Zamazemah United Offıce’in İdare Meclisi Başkanı Süleyman İbn-i Salih Ebu Galye, Zemzem Kuyusu hakkında şu bilgileri de veriyor: “1981’de kuyunun incelenmesi için bir ekip görevlendirildi ve çalışmaları kamera ile kaydedildi. Görüntülerde Zemzem, kuyu duvarının sağ ve solundaki iki delikten fışkırıyor. Ne kadar su çeksek, eksilme olmuyor. Kuyu, yosun tutmuyor. Ziyarete açıkken, hacılar içine madeni para vs. atardı. Her yıl Şaban ayının 15. gününde kuyu taşar, bu yabancı cisimleri dışarı atardı. Onun dışında hiç taşmazdı. Şimdi bu olay da tekerrür etmiyor. Kendi kendini temizliyor kuyu. Biz hiçbir müdahalede bulunmuyoruz.” Peygamber Efendimiz (s.a.v.), “ Yeryüzünün en hayırlı suyu Zemzemdir. Onda her türlü hastalığa şifa vardır” buyurur. Çok tüketiliyor olsa da, Zemzem’in bitmesi imkân dâhilinde değil. Çünkü Cennet ırmaklarından bir ırmak olan Zemzem, yeryüzünde en son kuruyacak olan sudur.

Zemzem’in bazı özellikleri:

• 1,5 metre derinliğindeki bir kuyudan çıkıyor.

• Kaynağı, gelişen teknolojiye rağmen hâlâ bulunamadı. Yakınlarında hiçbir kuyu yok ve denize 80 km. uzaklıkta. Kaynağın belli olmamasına karşın, yüzyıllardır ne azalıyor, ne de kuruyor.

• Amerika’da yapılan test sonuçlarına göre; dünyada içinde mikroorganizma ve bakteri bulundurmayan tek su Zemzem. Mikrobik hastalıklara karşı etkili olan florürleri barındırıyor.

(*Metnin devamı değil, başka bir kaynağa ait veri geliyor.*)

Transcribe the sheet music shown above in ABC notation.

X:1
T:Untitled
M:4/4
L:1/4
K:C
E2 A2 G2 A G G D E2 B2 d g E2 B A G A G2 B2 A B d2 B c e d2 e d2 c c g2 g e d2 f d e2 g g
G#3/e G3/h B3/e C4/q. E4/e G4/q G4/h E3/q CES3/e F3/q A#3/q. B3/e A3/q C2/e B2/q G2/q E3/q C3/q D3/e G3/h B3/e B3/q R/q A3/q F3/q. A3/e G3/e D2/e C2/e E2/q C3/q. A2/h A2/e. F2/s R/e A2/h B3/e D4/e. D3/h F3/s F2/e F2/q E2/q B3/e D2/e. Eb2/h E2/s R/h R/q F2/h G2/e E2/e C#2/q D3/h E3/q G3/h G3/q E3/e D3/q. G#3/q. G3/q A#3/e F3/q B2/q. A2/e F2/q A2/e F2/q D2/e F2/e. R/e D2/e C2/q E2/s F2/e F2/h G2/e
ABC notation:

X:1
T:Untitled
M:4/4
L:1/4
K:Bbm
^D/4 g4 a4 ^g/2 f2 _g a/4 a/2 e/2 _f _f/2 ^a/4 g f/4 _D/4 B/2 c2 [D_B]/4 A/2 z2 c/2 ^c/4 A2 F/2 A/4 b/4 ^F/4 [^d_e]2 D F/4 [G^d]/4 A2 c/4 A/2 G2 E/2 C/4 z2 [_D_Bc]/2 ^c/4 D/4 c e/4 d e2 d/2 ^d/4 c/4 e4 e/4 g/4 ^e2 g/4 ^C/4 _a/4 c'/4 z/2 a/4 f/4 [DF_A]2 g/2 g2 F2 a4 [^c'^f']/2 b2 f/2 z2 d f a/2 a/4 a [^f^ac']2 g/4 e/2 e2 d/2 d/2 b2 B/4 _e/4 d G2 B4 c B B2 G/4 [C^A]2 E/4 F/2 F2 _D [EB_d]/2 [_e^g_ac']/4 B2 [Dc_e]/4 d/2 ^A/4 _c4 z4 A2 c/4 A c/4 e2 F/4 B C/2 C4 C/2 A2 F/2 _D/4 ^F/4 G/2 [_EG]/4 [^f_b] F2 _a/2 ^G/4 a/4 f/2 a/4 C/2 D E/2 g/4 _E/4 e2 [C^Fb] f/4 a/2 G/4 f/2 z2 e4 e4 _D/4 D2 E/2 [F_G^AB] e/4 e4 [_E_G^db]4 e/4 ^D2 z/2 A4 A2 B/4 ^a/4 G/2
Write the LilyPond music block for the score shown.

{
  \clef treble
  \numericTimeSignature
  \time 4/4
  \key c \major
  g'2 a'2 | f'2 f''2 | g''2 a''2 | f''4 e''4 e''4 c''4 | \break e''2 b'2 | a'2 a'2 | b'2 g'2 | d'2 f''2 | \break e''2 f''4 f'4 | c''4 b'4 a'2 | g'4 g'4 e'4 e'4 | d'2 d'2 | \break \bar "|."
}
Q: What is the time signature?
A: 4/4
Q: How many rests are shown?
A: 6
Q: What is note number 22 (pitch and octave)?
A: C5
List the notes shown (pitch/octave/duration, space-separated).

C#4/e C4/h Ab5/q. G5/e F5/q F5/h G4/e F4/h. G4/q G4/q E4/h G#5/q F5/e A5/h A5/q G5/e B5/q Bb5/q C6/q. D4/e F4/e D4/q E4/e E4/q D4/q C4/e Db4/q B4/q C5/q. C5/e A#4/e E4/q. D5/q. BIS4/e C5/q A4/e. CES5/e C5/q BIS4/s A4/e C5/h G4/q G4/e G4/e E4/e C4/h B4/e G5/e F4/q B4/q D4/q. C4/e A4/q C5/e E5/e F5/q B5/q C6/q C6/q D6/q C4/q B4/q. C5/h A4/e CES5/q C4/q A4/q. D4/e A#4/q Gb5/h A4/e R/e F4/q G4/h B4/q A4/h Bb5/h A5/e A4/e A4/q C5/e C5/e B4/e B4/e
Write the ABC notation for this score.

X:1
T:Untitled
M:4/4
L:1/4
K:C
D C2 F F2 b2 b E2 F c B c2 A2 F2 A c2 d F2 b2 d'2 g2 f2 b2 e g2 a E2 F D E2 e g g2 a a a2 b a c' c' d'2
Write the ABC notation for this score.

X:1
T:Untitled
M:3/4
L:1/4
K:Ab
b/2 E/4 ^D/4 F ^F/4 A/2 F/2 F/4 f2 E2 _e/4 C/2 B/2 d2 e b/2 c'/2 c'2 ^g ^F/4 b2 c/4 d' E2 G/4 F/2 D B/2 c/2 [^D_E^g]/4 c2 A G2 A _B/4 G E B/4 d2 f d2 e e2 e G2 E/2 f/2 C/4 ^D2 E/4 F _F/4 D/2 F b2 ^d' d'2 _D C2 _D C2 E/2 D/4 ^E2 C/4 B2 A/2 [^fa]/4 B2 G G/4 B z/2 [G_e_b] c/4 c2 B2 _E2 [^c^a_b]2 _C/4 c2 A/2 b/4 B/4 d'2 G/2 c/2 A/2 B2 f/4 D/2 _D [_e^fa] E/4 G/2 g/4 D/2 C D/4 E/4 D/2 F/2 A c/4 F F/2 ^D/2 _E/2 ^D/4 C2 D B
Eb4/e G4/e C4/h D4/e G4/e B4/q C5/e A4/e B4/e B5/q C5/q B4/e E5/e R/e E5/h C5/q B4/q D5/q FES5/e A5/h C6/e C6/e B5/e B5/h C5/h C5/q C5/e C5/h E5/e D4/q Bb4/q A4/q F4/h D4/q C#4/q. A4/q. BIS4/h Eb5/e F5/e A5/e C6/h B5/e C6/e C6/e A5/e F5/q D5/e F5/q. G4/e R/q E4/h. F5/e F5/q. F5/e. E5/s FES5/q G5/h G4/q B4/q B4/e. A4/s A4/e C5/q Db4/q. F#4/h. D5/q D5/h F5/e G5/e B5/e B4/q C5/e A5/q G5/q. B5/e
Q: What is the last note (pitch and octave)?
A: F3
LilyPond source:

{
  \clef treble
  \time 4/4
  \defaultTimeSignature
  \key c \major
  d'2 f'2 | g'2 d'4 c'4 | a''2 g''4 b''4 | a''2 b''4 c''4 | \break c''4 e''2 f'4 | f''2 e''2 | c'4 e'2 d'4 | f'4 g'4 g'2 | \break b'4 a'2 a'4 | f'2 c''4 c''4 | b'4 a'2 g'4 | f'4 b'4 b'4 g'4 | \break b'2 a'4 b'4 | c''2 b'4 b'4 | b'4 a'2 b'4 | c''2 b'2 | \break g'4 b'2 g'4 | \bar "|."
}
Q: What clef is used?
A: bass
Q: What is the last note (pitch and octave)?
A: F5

• Batıda yapılan laboratuvar çalışmalarına göre Zemzem, diğer sulara nazaran çok daha az kükürt içeriyor.

• Hem çok daha besleyici hem de çok daha fazla mineral barındırıyor.

• Açsanız açlığınızı, susuzsanız susuzluğunuzu gideren tek su.

• Yüksek kalsiyum ve magnezyum tuzu içermesi nedeniyle, yorgun insanların yorgunluğunun giderilmesini sağlıyor.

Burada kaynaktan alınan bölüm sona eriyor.